Leaving out all pictures, copy the lines below exactly, from the line with "63 Arnold Ter #2 — Photo 27" to the last line, both ends included.

• [Brief descriptive captions]
=== Section Start ===

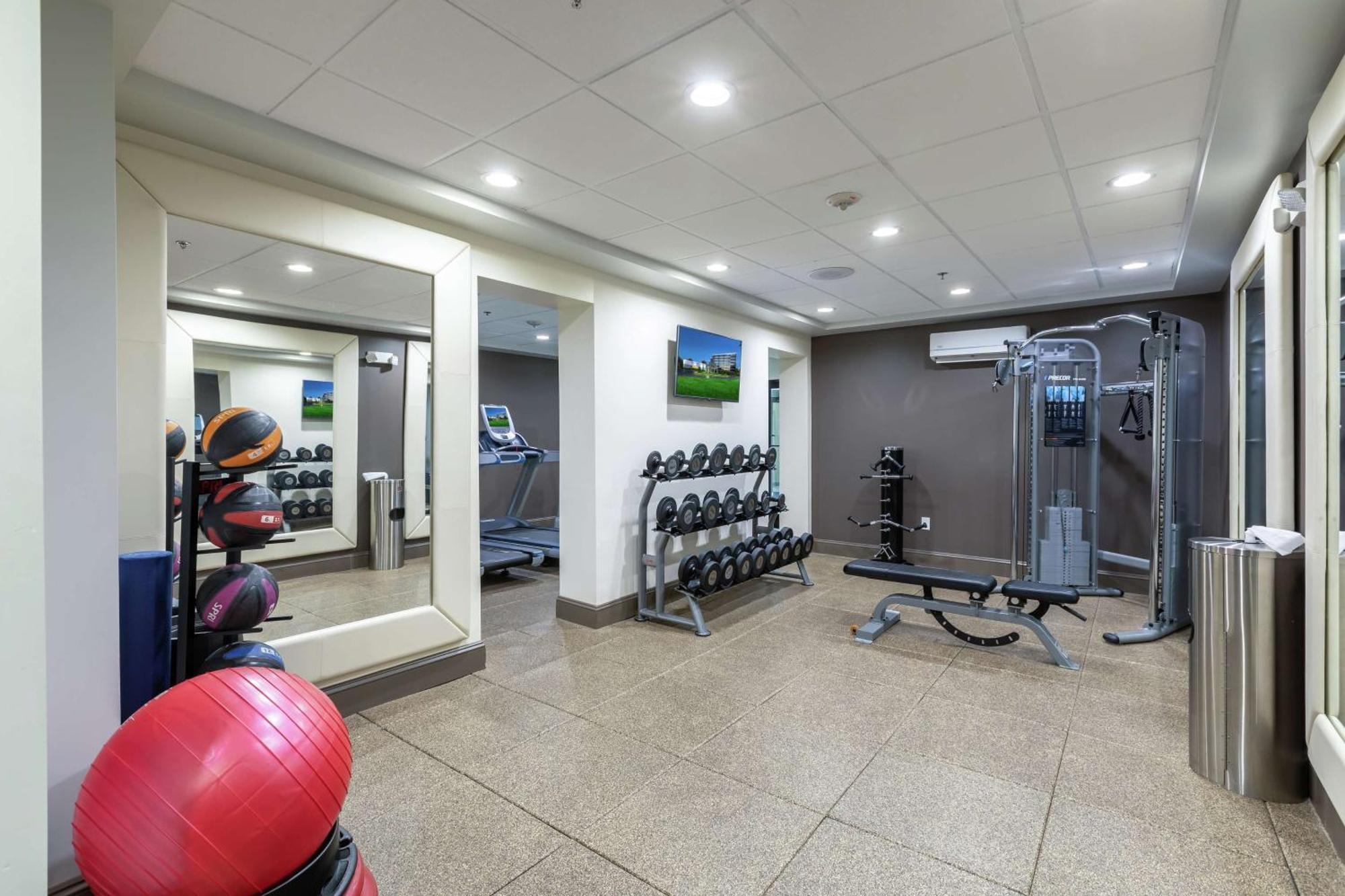 Doubletree By Hilton Winston Salem - University, Nc מראה חיצוני תמונה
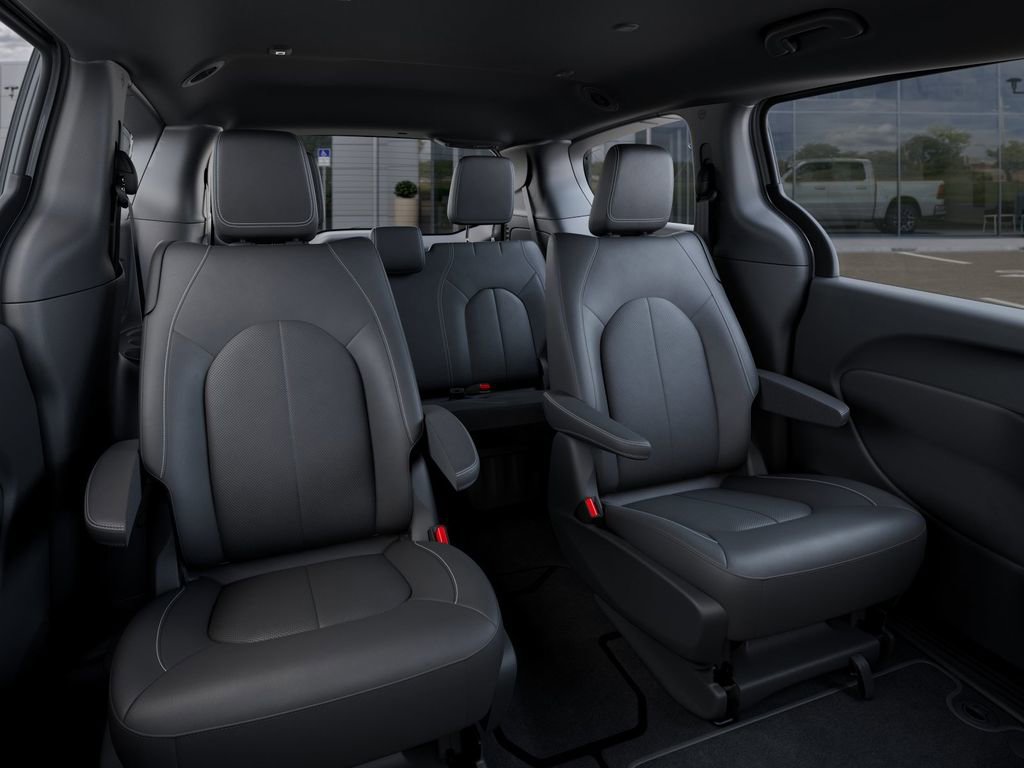 New 2027 Chrysler Pacifica Select AWD/4WD image 15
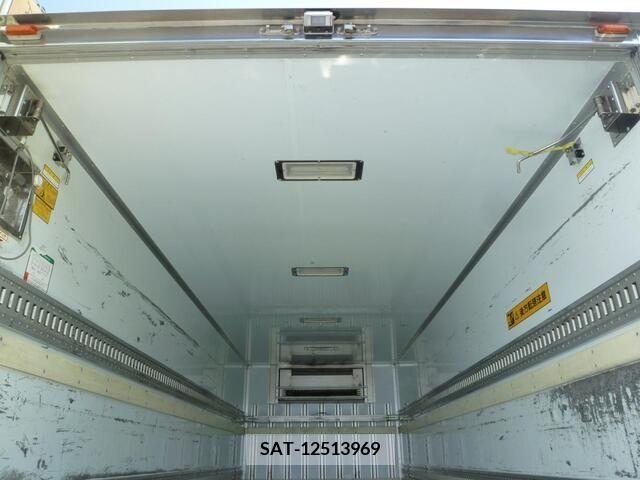 Isuzu FORWARD 2014-04 381577-12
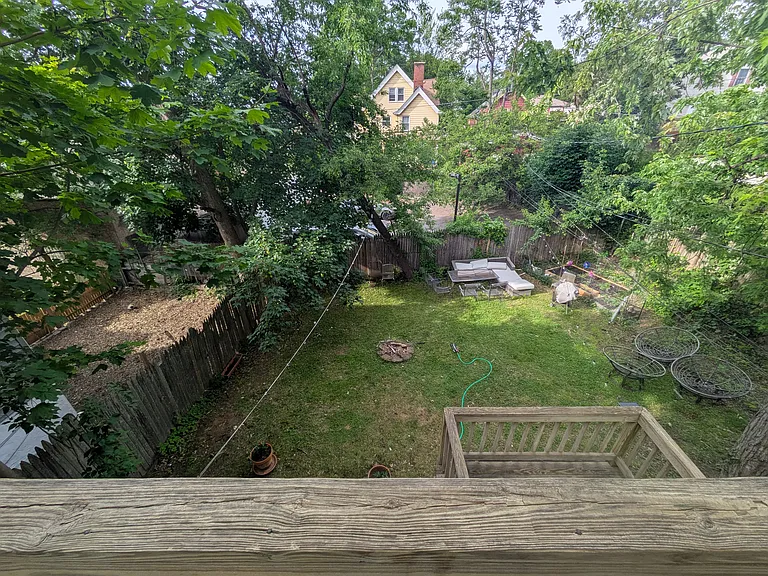 63 Arnold Ter #2 — Photo 27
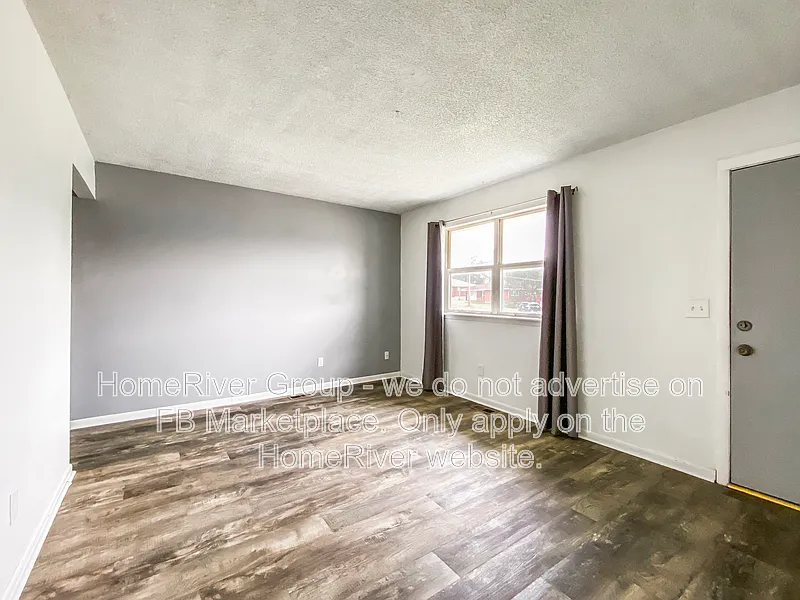 2 bed, 1.0 bath, 850 sqft, $1,200 — Photo 3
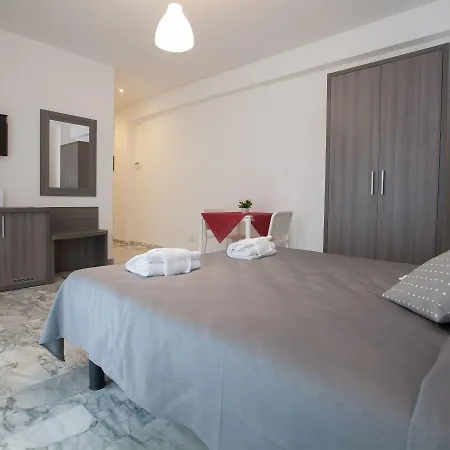 Momenti Romani Oda ve Kahvaltı 4*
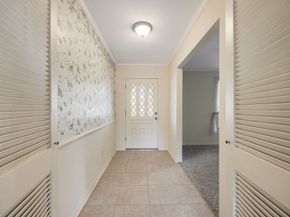9646 Fairdale Lane, Houston TX 77063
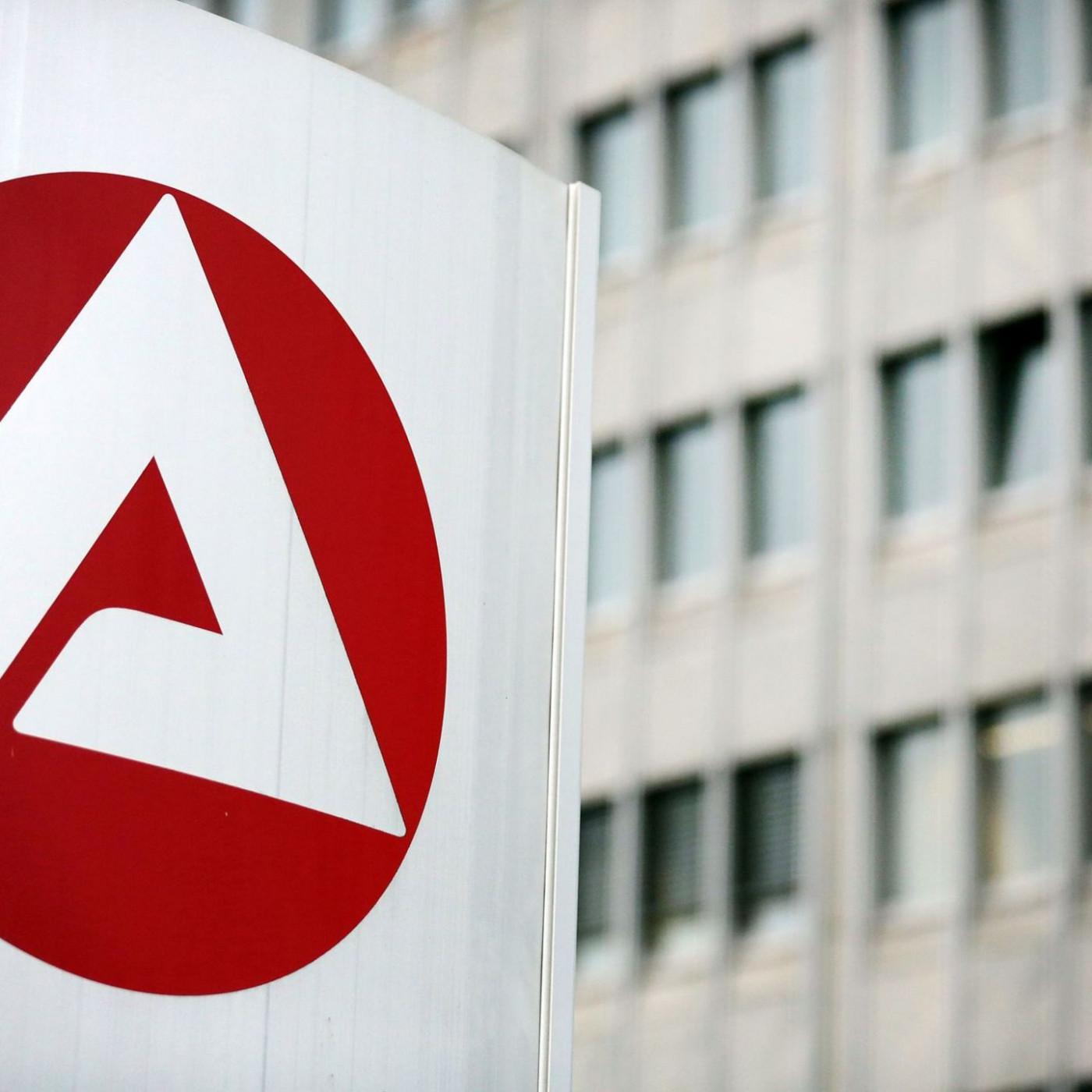 Talsohle mit Klebstoff - Arbeitsmarkt verharrt im Tief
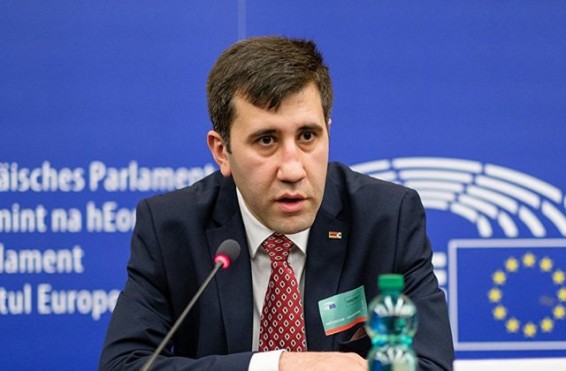 «Անհատն իրավունք ունի՞ իր հանրային գործունեության մոտիվացիայում հաշվի առնել մարդկանց արժանիքները, թե՞ ոչ». Ռուբեն Մելիքյան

=== Section End ===

• [TASK RESULT]
 63 Arnold Ter #2 — Photo 27
 2 bed, 1.0 bath, 850 sqft, $1,200 — Photo 3
 Momenti Romani Oda ve Kahvaltı 4*
9646 Fairdale Lane, Houston TX 77063
 Talsohle mit Klebstoff - Arbeitsmarkt verharrt im Tief
 «Անհատն իրավունք ունի՞ իր հանրային գործունեության մոտիվացիայում հաշվի առնել մարդկանց արժանիքները, թե՞ ոչ». Ռուբեն Մելիքյան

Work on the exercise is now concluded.